5. The anchor as defined in claim 4 wherein said means for arresting rotation comprises a collar positioned about a portion of a lower margin of said shell said collar being eccentrically formed relative to said mine roof bolt and said shell such that rotation of said shell about the axis of said mine roof bolt compresses said collar between said shell and said bolt hole wall.

6. The anchor as defined in claim 4 wherein said means for arresting rotation comprises at least one tab member positioned in a slot formed in said shell and extending radially therebeyond with a leading edge of said tab engaging said wall of said bore hole such that rotation of said shell displaces said tab into interstitial locking engagement between said shell and said bore hole wall.

7. The anchor as defined in claim 1 wherein said camming nut has a plurality of longitudinal splines thereon positioned intermediate said segments of said shell such that said splines extend interstitially between said segments upon rotation of said mine roof bolt.

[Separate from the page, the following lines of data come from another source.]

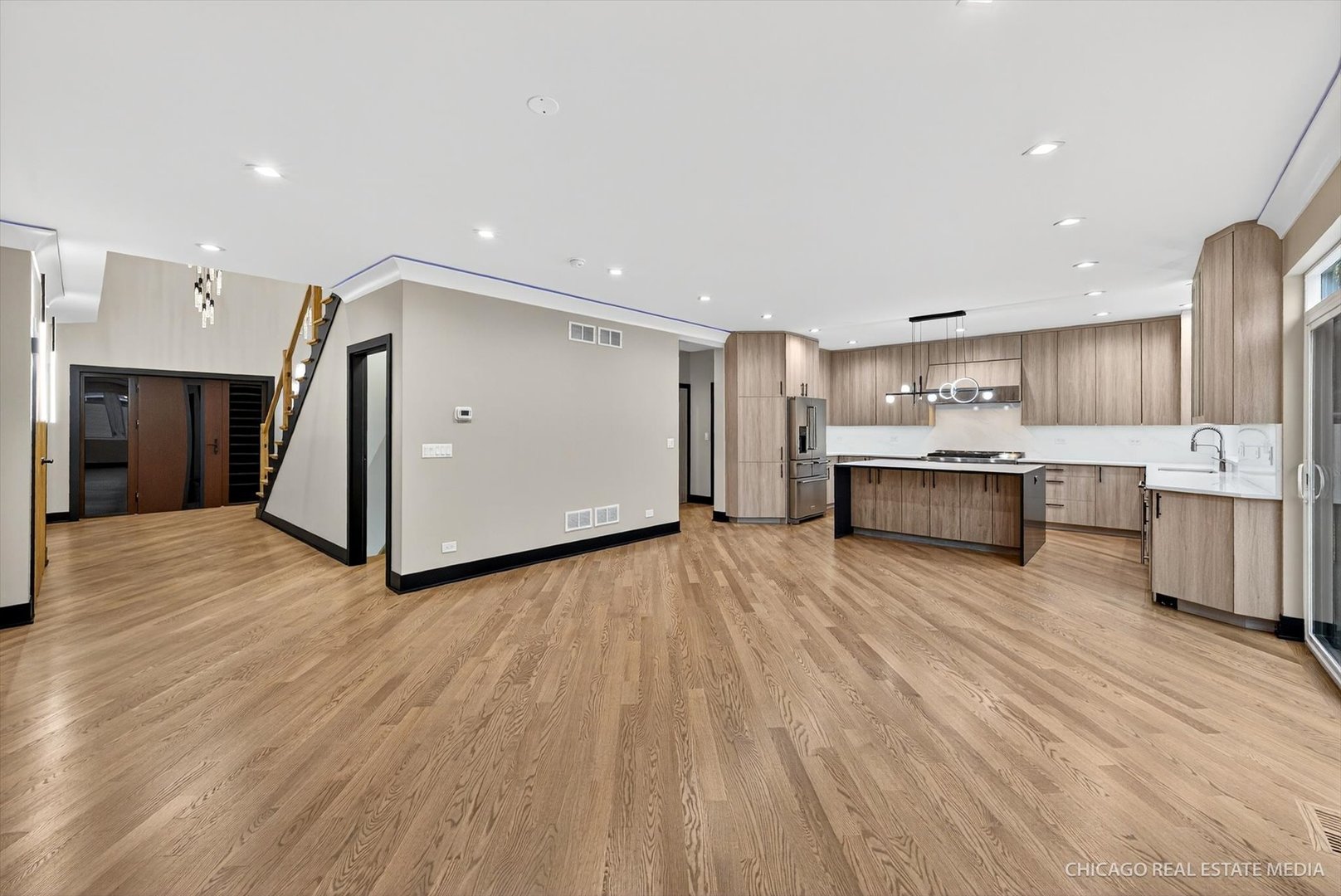 6090 Belmont Road Downers Grove, IL 60516 - Photo 18 of 75 a view of kitchen view wooden floor appliances and cabinets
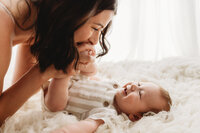 Charleston Mini Sessions - Mother embraces her baby during Mother's Day Mini Session at Holy City Babies in Charleston, SC.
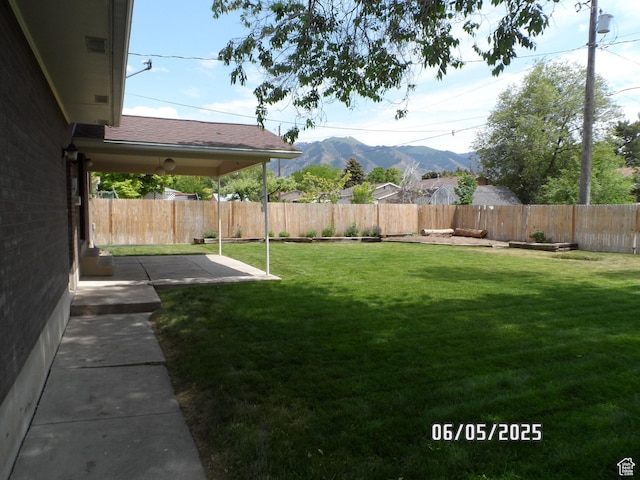288 W 775 N, Logan, UT 84321 - view of yard with a mountain view and a patio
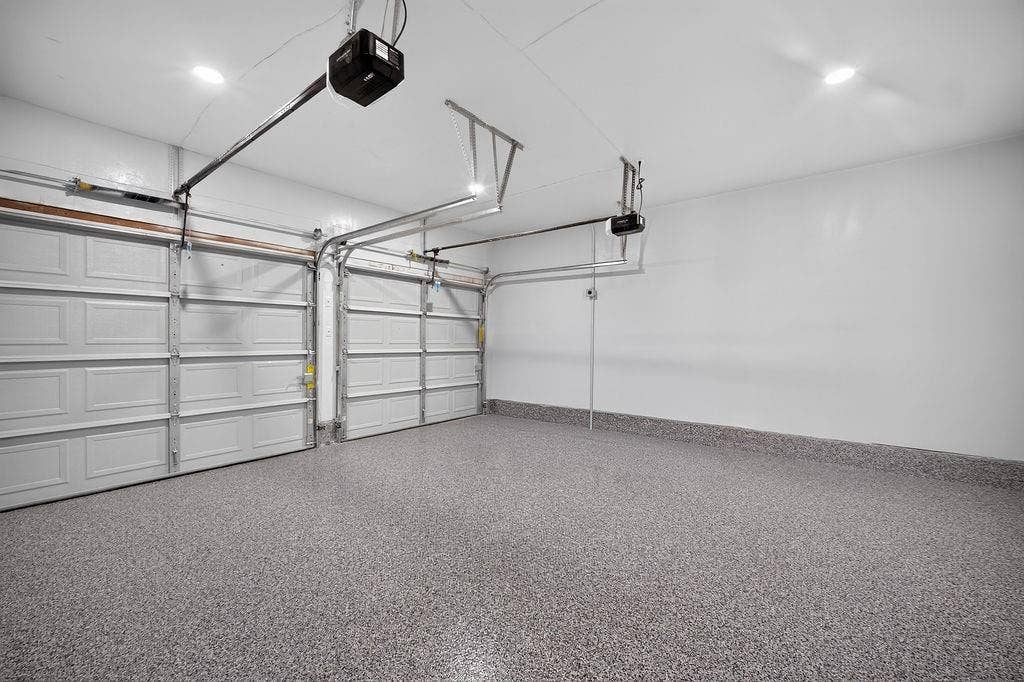 9112 Clearwater Drive, Dallas, TX 75243 Two garage doors with automatic openers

8. The anchor as defined in claim 1 wherein said camming nut has at least one groove formed therein longitudinally and said shell has at least one guide member engaged within said groove.

9. The anchor as defined in claim 8 wherein said guide means comprises a bail affixed to said shell.

10. An anchor for use with a mine roof bolt to be inserted into a pre-drilled hole in a mine roof, comprising in combination:
a. a segmented shell having a substantially cylindrical shape conforming to the outer diameter of said mine roof bolt for enclosing a portion thereof therein, said segment shell having a lower annulus and a plurality of upwardly oriented segments, each segment of said plurality of segments terminating at an outwardly extending rib and having an inner camming face formed thereon;
b. a camming nut threadedly engaged on said mine roof bolt superjacent said segmented shell in cooperative relation therewith such that rotation of said bolt relative to said nut moves said nut vertically, said nut having a flared outer surface engagable with said camming face of each segment; and, c. means for arresting rotational movement of said shell within said pre-drilled hole.

11. A mine roof anchor as defined in claim 10 where in each segment has a smooth outer surface subjacent said rib and each camming face has a lower portion flaring outwardly at a minimal angle from vertical and an upper portion flaring outwardly at a greater angle from vertical, said camming nut having a lower portion tapering outwardly at a first angle from vertical and an upper portion flaring outwardly at a substantially greater angle such that said smooth outer surface and said rib are urged against the wall of said drilled hole.

12. The mine roof anchor of claim 11 wherein said rib is has semi-annular conic section superjacent said smooth outer surface adapted to fracture and compress said wall of said drilled hole adjacent said smooth outer surface.

13. The mine roof anchor of claim 10 wherein said annulus has at least one slot formed therein and a tab member is positioned within said slot. said tab member having a first end extending radially beyond said slot and a second end engaged within said slot and tapering to a point such that rotation of said shell about a vertical axis within said drilled hole urges said first end against a wall of said hole and pivots said tab about said second end forcing said tab into interstitial interference between said shell and said wall of said drilled hole arresting the rotational movement of said shell.

14. The mine roof anchor of claim 13, wherein said camming nut has a plurality of splines thereon engagable between said segments such that said nut and said shell are restrained from relative angular movement.

15. The mine roof anchor of claim 10 wherein said annulus is formed with an annular groove eccentric relative to said mine roof bolt and further comprising an eccentric locking member engagable with said annular groove such that rotation of said segment about a vertical axis in said pre-drilled hole creates an interference fit between the wall of said hole, said locking member and said annulus within said annular groove.